Добился своего, сыграли свадьбу. А через полгода Кольку посадили на десять лет, там, в колонии, он и сгинул после кровавой драки. Осталась Ленка молодой вдовой с ребенком на руках, обозленной и неприкаянной. С Сергеем она сцепилась сразу же из-за пустяка, и как Вера ни старалась, Ленка не приняла его, терпела только ради матери.

Для Сергея настала новая полоса. Те два года, что он прожил в Луговой, стали самыми светлыми в жизни и самыми яркими в творчестве. Комната на втором этаже после того, как очистил от хлама, вымел мусор и пыль, отмыл и отскреб полы, оказалась то что надо, просторной, светлой от большого окна. Только вот взбираться туда было сложно, не было капитальной лестницы, и Сергей приспособил шаткую стремянку, валявшуюся в дальнем углу сада. Впрочем, это избавляло от любопытных, прознавших, что у Верки поселился настоящий художник, картины рисует красоты неимоверной…

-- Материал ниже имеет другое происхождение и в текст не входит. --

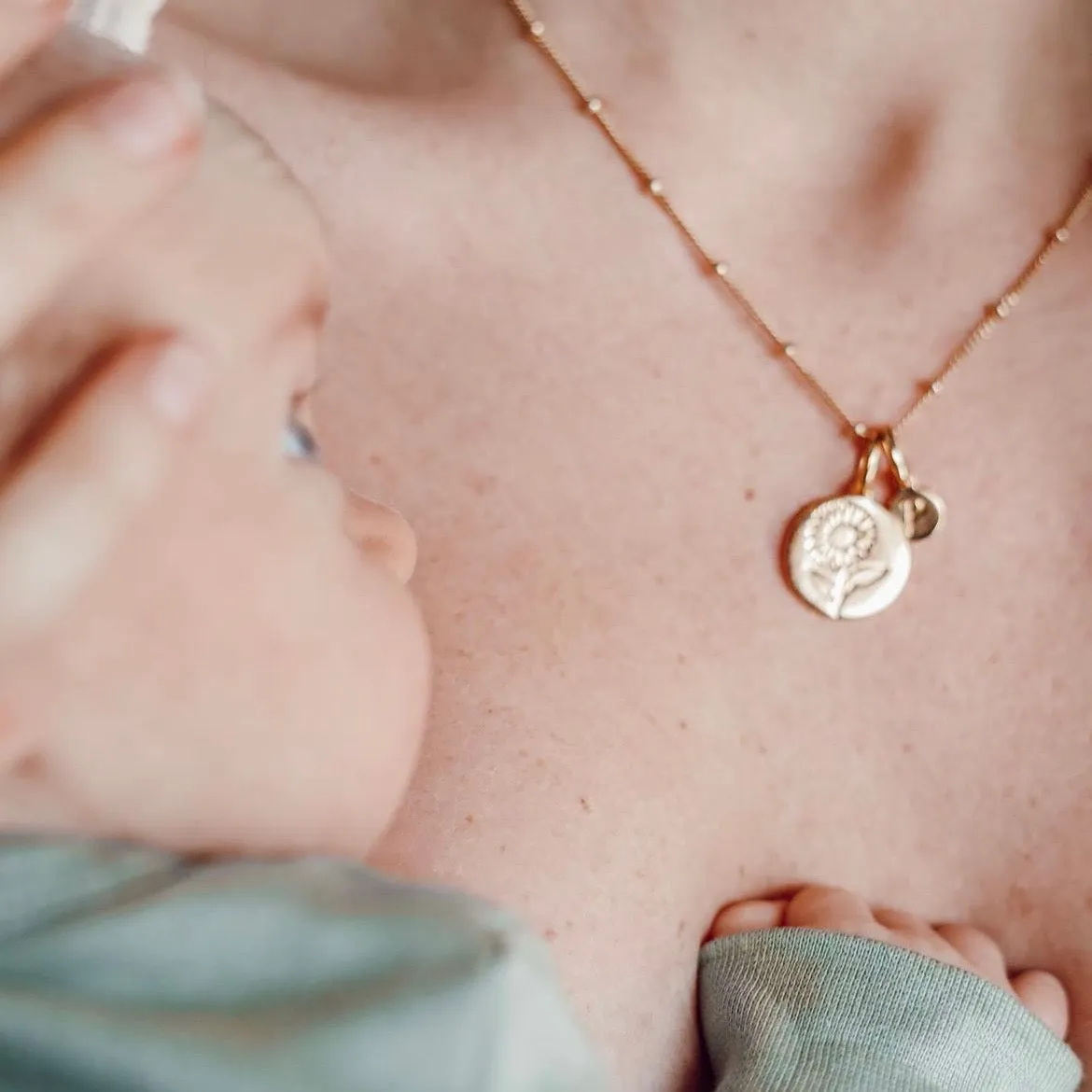 Rose Necklace With Initial - June Flower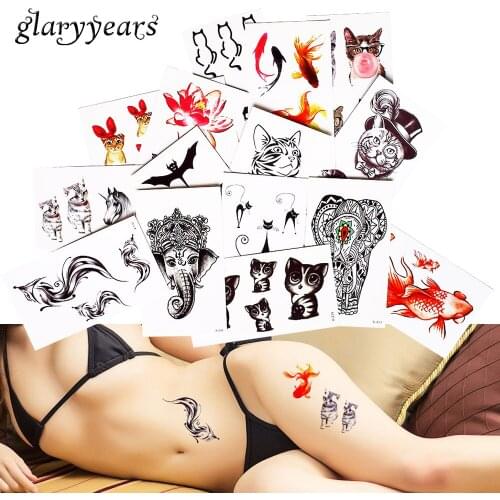1 Sheet Temporary Body Tattoo Cute Cat Elephant Lover Cartoon Design Decal for Women Children Chest Back Art Tattoo Sticker 2019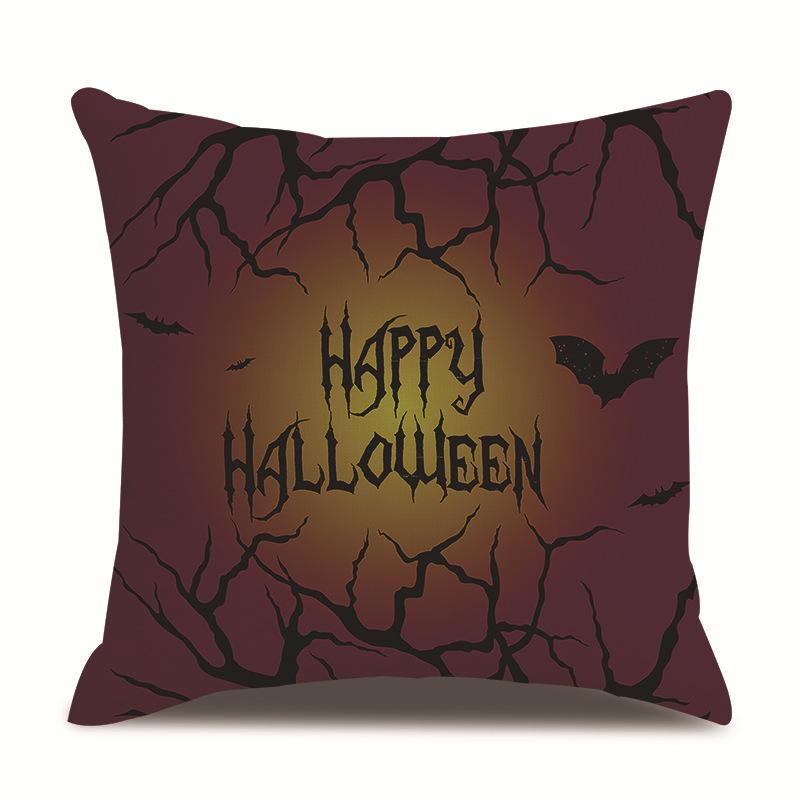 Halloweenský lněný povlak na polštář Tištěný povlak na polštář
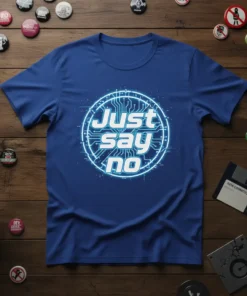 Blue t-shirt with "Just Say No" text inside a glowing digital circuit design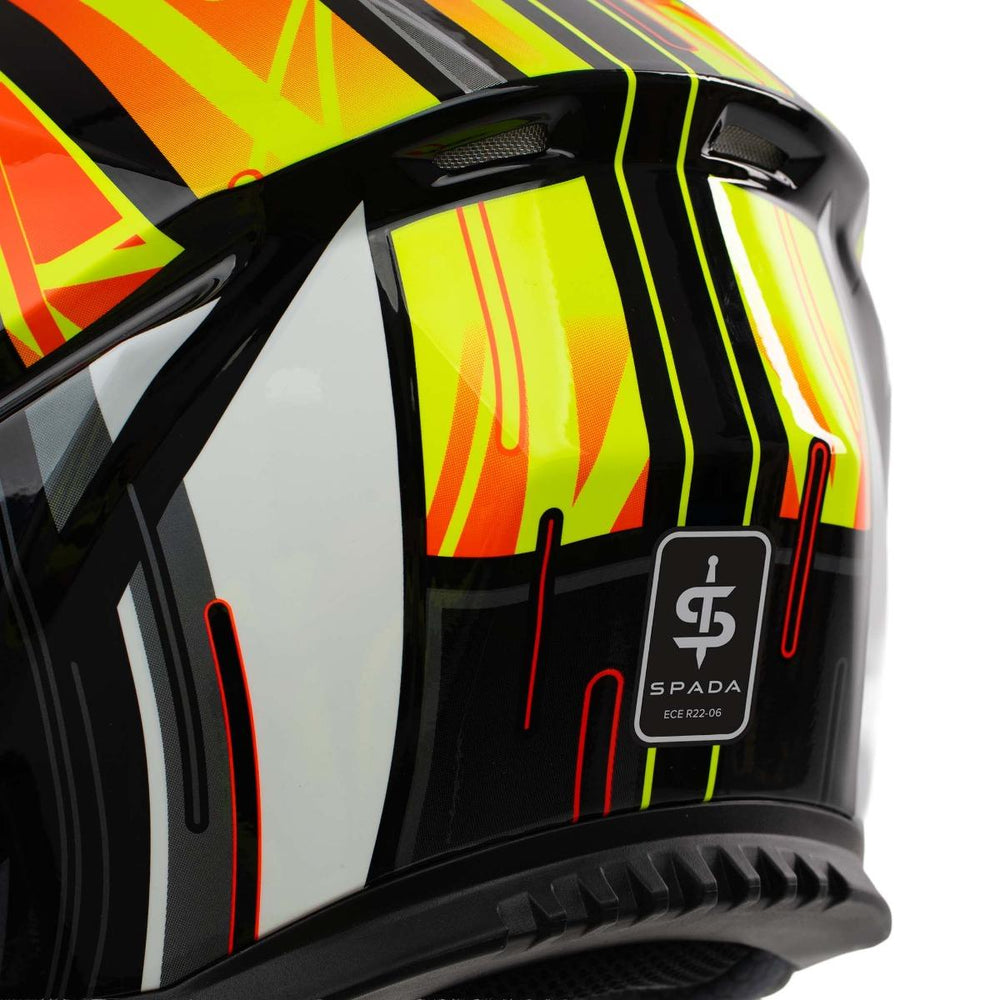 Spada Raiden 3 Cyclone Full Face Motorcycle Helmet - Yellow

Рано утром, с восходом солнца Сергей с этюдником выходил на поиски сюжетов своих будущих картин. Лето клонилось к исходу, наступала осень, щедро окрашивая окрестные леса лимонными, охряными, багряными, пунцовыми красками. Вот на опушке – болото в окружении угрюмых, темных елей. Сквозь жесткий камыш смоляно проглядывает стылая вода. Хмурое, нависшее небо не отражается в тяжелой густой массе воды, все уныло, безнадежно. Но сквозь толпу монахинь-елей на бережок выбежала молоденькая рябинка, наряженная в праздничный карминный наряд с монистами рубиновых бусин, и ярким пятном осветила похоронную свиту. Молодая, праздничная жизнь пробивает себе дорогу сквозь все беды и несчастья!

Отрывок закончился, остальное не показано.